ACTION ITEM: In the entries below, which lines run from the one with "A hand pushing" through the one with "Little Kitty Co."? Repeat exactly those, both included, and no pictures.

AVAILABLE DATA:
-=-=-=-=-

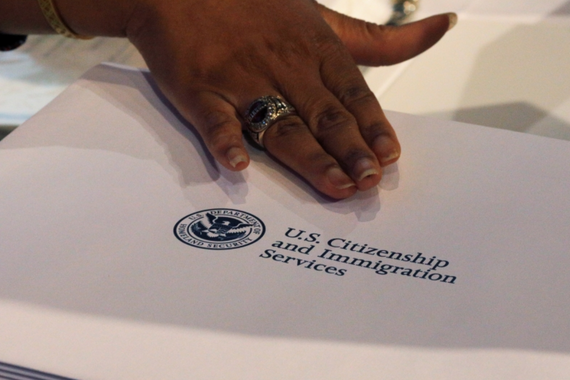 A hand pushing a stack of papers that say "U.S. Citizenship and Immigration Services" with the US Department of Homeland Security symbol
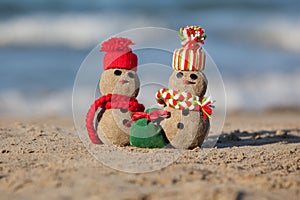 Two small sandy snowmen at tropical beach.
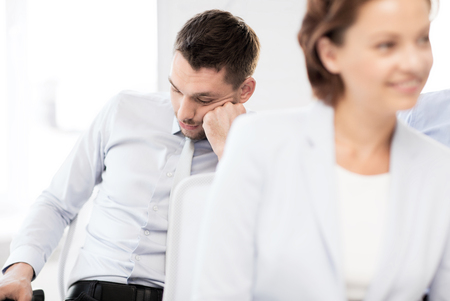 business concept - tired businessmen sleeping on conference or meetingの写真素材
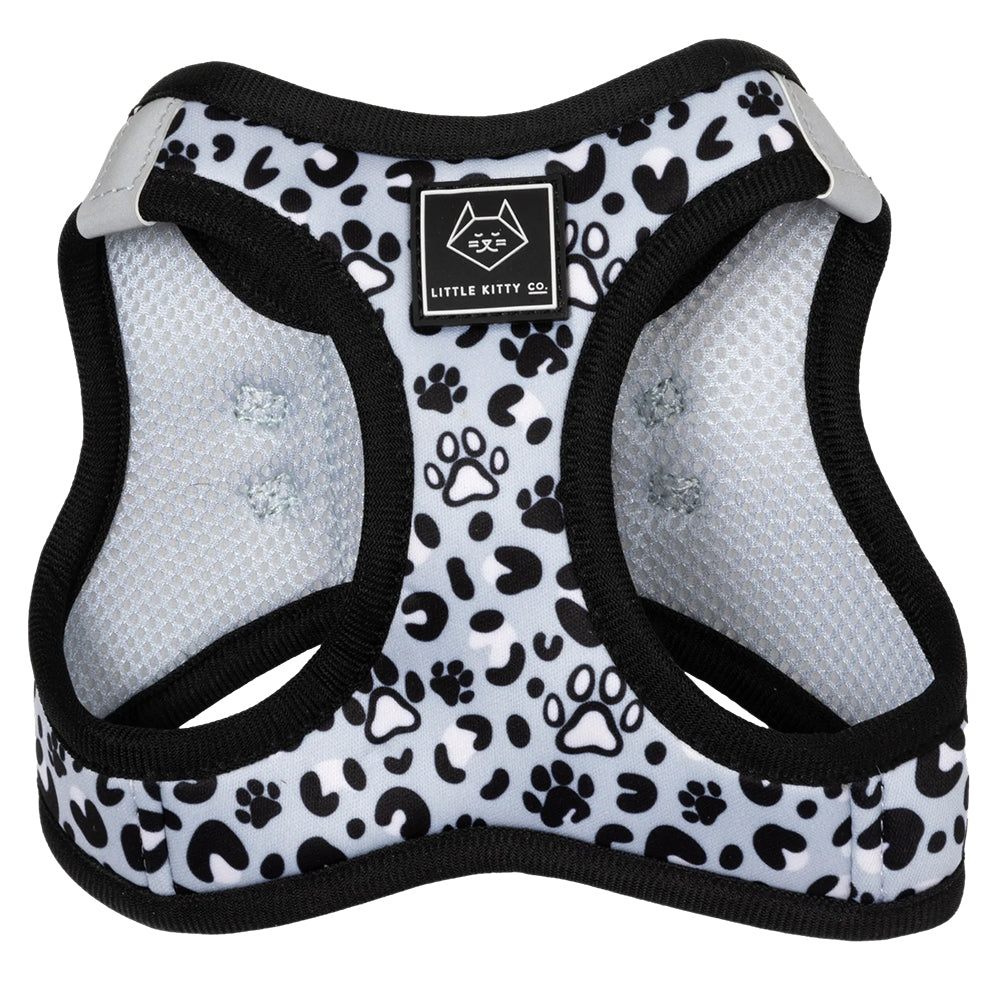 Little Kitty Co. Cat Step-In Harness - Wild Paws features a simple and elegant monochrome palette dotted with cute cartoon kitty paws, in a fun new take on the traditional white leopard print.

-=-=-=-=-

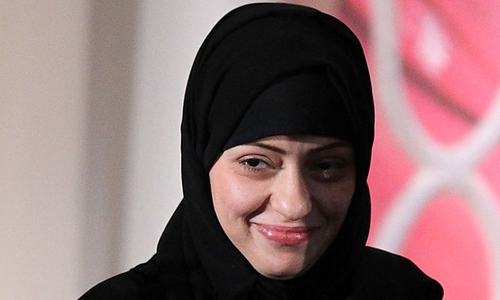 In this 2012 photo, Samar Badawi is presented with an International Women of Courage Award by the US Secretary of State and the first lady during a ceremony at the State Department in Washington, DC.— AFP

-=-=-=-=-

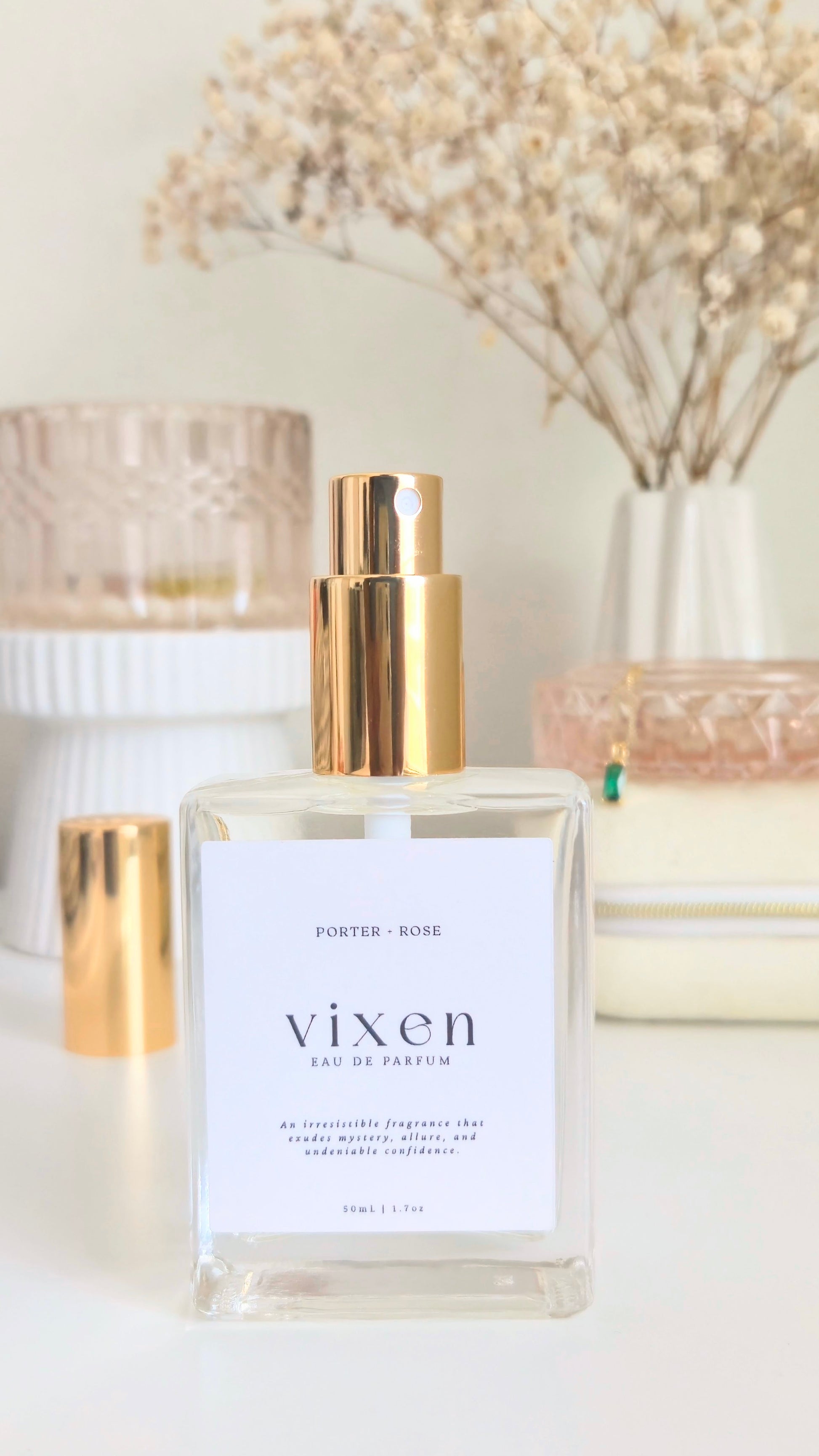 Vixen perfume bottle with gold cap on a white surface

-=-=-=-=-

SOLUTION TO THIS EXERCISE:
 A hand pushing a stack of papers that say "U.S. Citizenship and Immigration Services" with the US Department of Homeland Security symbol
 Two small sandy snowmen at tropical beach.
 business concept - tired businessmen sleeping on conference or meetingの写真素材
 Little Kitty Co. Cat Step-In Harness - Wild Paws features a simple and elegant monochrome palette dotted with cute cartoon kitty paws, in a fun new take on the traditional white leopard print.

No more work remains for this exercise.